3.3. Performance on Benchmark Datasets
We evaluated the performance of Mito-Mixer on two widely used benchmark datasets: SM424-18 and SubMitoPred. To provide a rigorous assessment, we compared our model against several state-of-the-art (SOTA) predictors, including iDeepSubMito, DeepMito, and SubMito. The performance was quantified using the class-specific Matthews’ Correlation Coefficient (MCC) for the four sub-compartments (matrix, inner membrane, outer membrane, and intermembrane space) and the Generalized Correlation Coefficient (GCC) for overall classification consistency.
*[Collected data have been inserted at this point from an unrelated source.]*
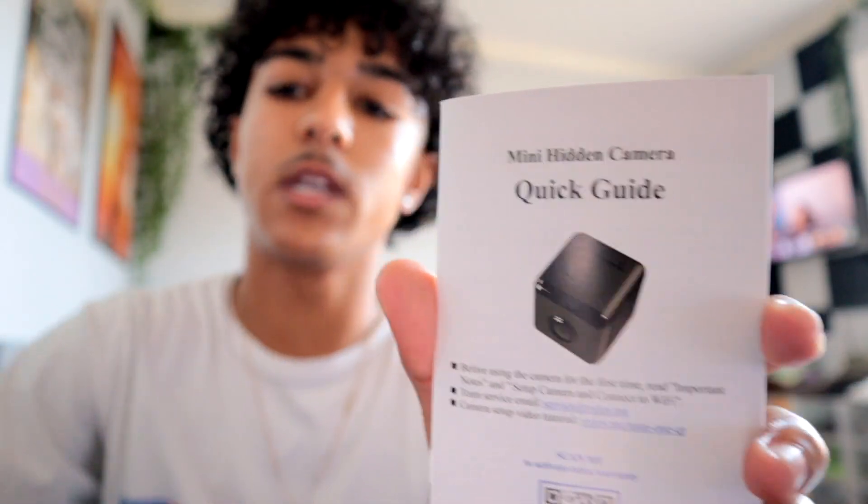Let's just get into this — I gotta crack this seal right here. This is the mini hidden camera. There's a quick guide in case you guys don't know how to use it. It also comes with a 10-year warranty with this QR code. This is the camera right here — it's very small. If you were trying to catch the ops lacking and you didn't want nobody to see the camera, this is definitely the camera you'd want to use. It's super easy.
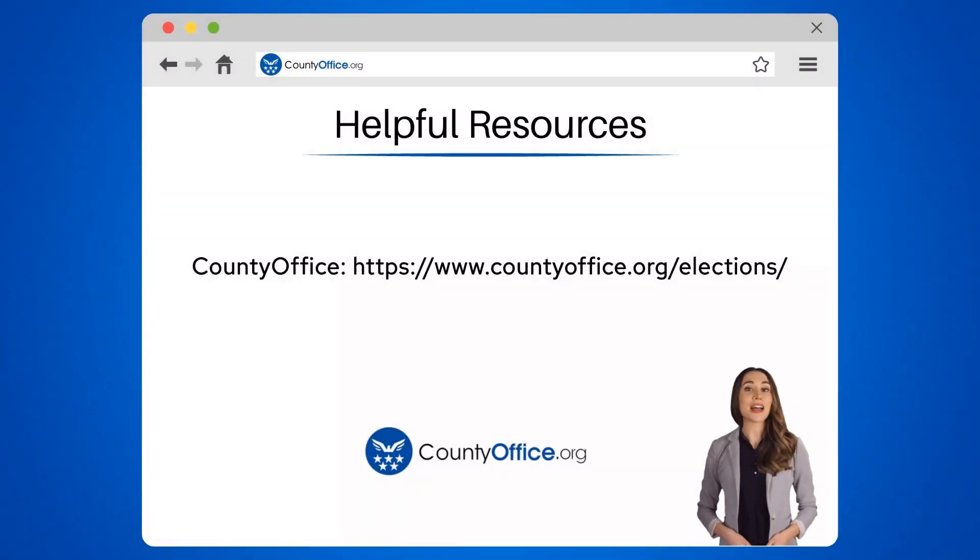To learn more, check out these links, which you can click in the description below. And feel free to comment your questions — we're here to help.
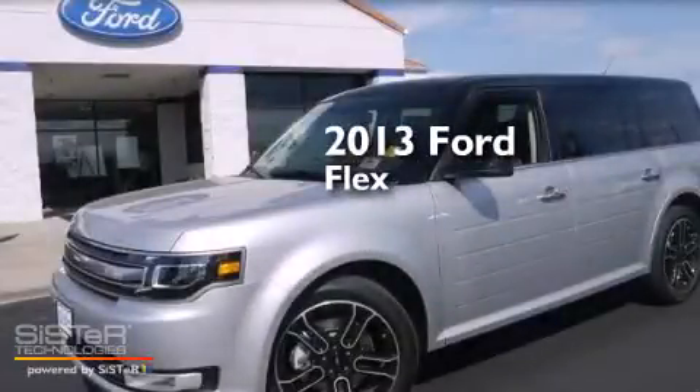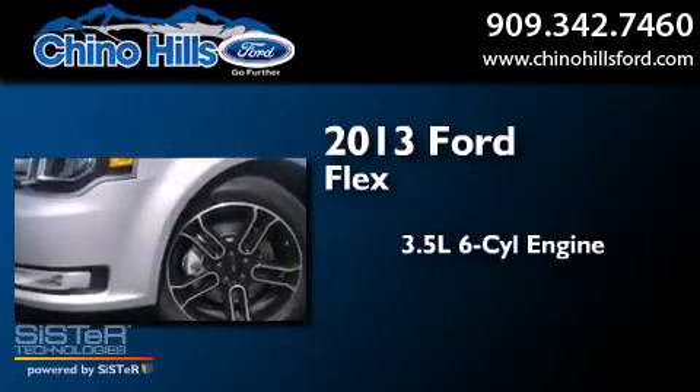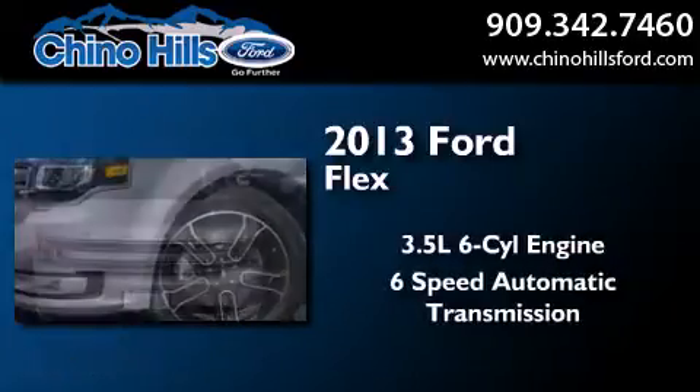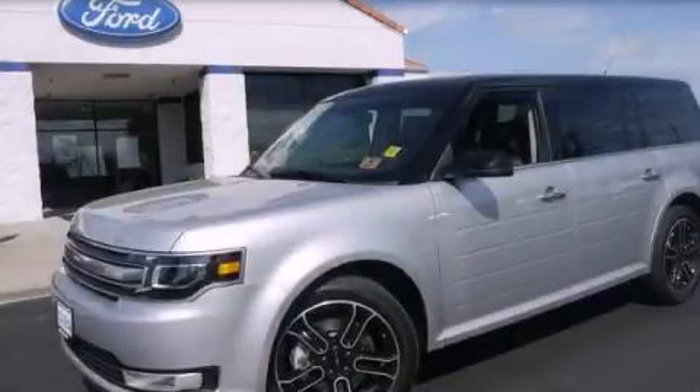This is a brand new 2013 Ford Flex. It has a 3.5 liter 6 cylinder engine and a 6 speed automatic transmission. Stop by today and test drive this vehicle for yourself.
The performance metrics reported for Mito-Mixer in
Table 4 and
Table 5 represent the mean evaluation scores obtained from the stratified 5-fold cross-validation process. This methodology aligns with standard practices for evaluating models on these specific benchmarks, ensuring fair comparison against SOTA predictors.
The SM424-18 dataset serves as a rigorous benchmark due to its high sequence diversity and the inherent difficulty in distinguishing between the four submitochondrial compartments. As demonstrated in
Table 4, Mito-Mixer achieves a superior performance profile across all evaluation metrics compared to established deep learning architectures such as DeepMito and iDeepSubMito.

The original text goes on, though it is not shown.